A esquerda inteligente
deve recusar que uma esquerda estúpida continuamente lance anátemas sobre
quaisquer pessoas que tentam debater sobre o que é a nação, a pátria, se existe
ou não nacionalismo revolucionário e se sim o que é, afinal.
Esta esquerda estúpida
(porém, maioritária nalguns meios) é o exemplo acabado de autoritarismo e
cobardia … pois não se bate no plano das ideias com outras pessoas, fazendo
efectivo uso da liberdade de opinião; antes quer, a todo custo, calar a voz dos
que ela considera serem inimigos… nestes últimos tempos, o «politicamente
correcto» revelou-se claramente como o que sempre foi implicitamente: a expressão
de desespero de classes médias em perda de estatuto, que pensam recuperar esse
estatuto arvorando-se em detentores da verdade, do saber, etc. Bastante triste,
na verdade.
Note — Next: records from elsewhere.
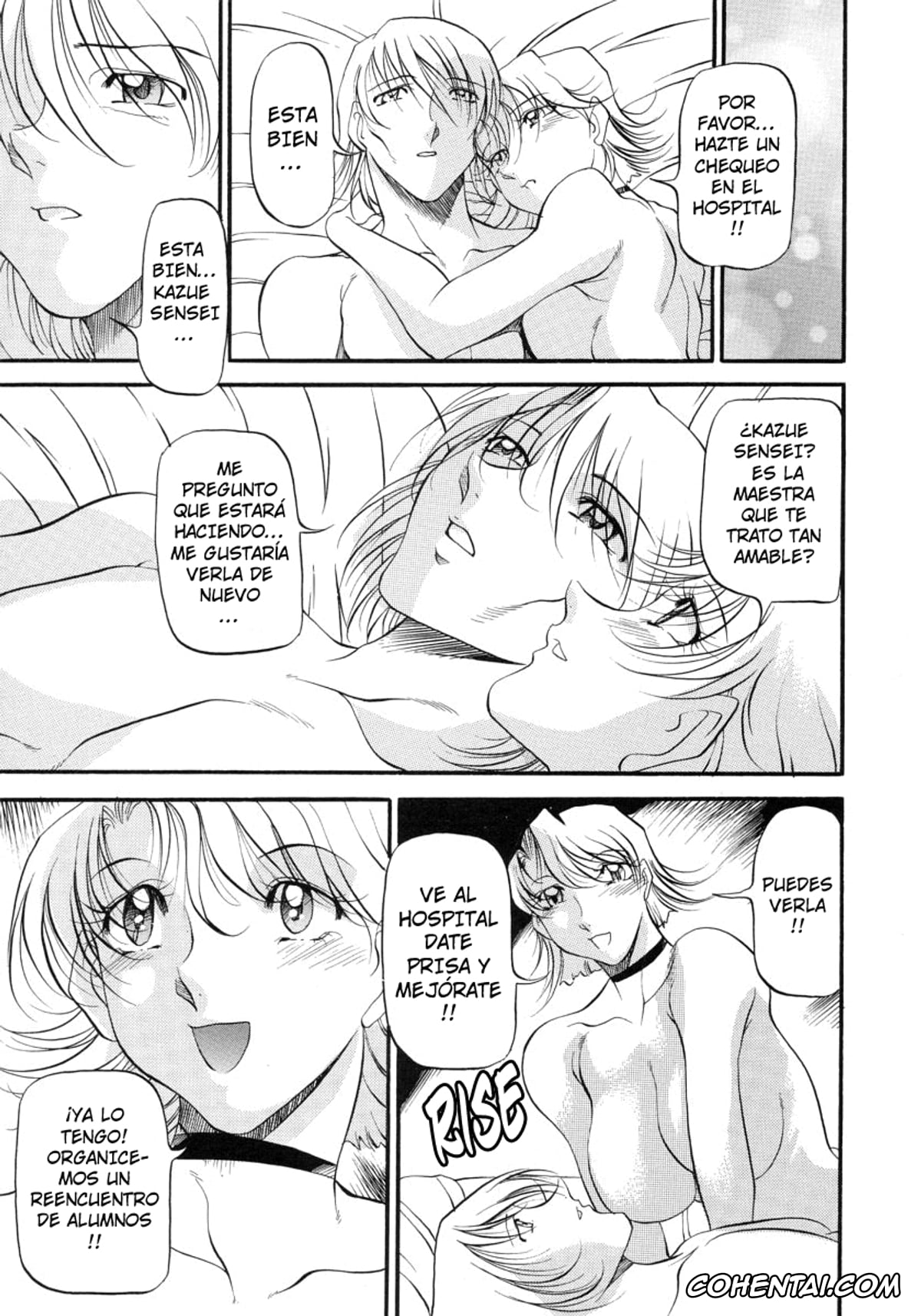 Manga hentai, Tankoubon hentai, Mrs no Kokuhaku – The Confession of Mrs, pagina 132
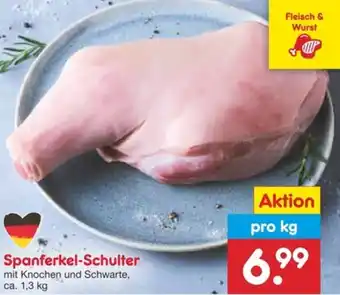Netto Marken-Discount Spanferkel-Schulter Angebot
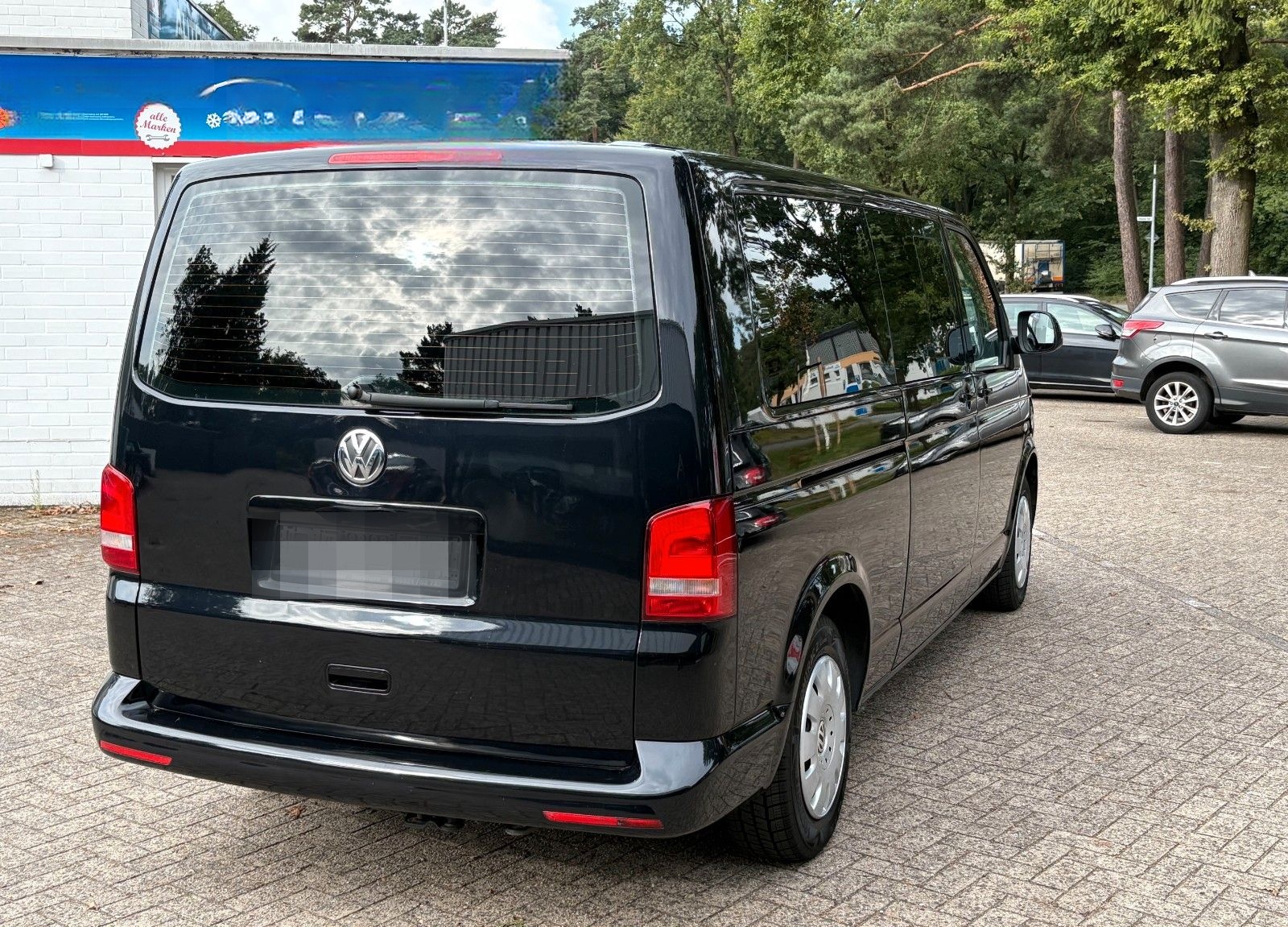 Volkswagen T5 Caravelle Comfortline Lang 9 Sitzer/Leder foto 14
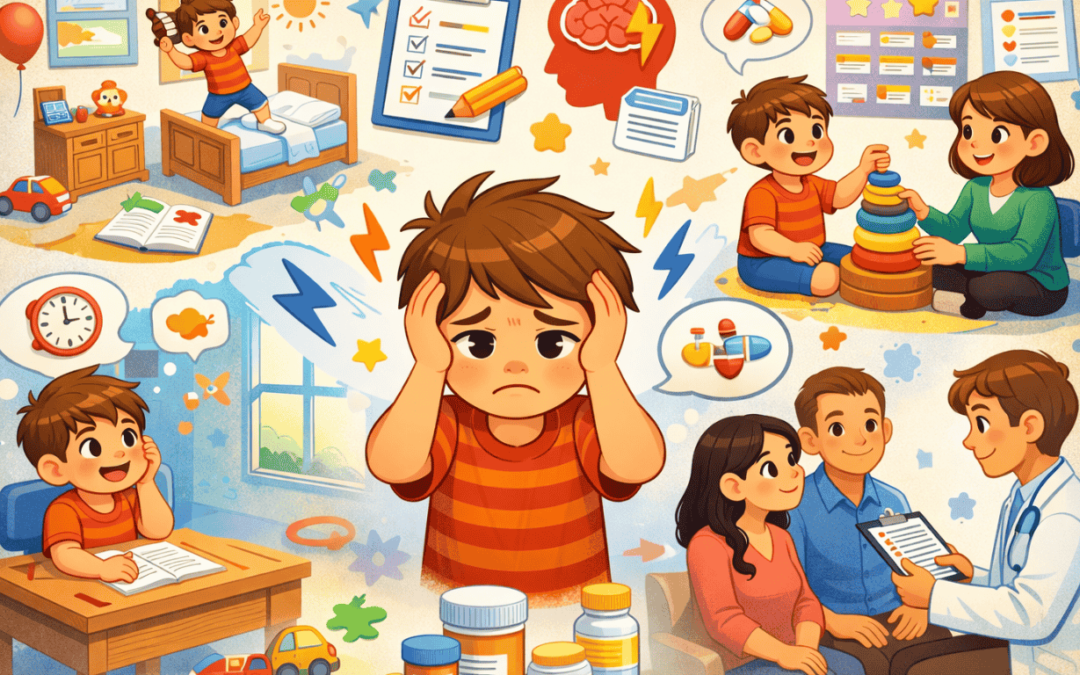 Pediatric Attention Deficit Hyperactivity Disorder (ADHD): Symptoms, Therapy, and Support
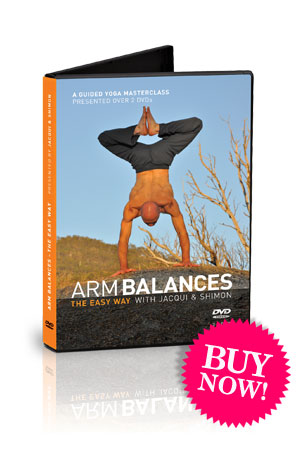 Arm Balances Yoga DVD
Mas isto não tem que ver com uma outra esquerda, que sempre se
colocou ao lado e no seio dos humildes, dos espoliados, dos oprimidos.
Negar a existência
fundamental da nação, da pátria, não tem que ver com uma esquerda classista e, portanto, esta não deve ter complexos em desenvolver um pensamento, uma
política e uma acção dirigidas ao território e à nacionalidade.
Pelo contrário; esta
esquerda classista tem ainda maior responsabilidade em fazer uma escolha clara e
responsável, clarificando conceitos e derivando daí as escolhas. Ou seja, tem
de fazer uma política própria, não se deve deixar arrastar por modismos.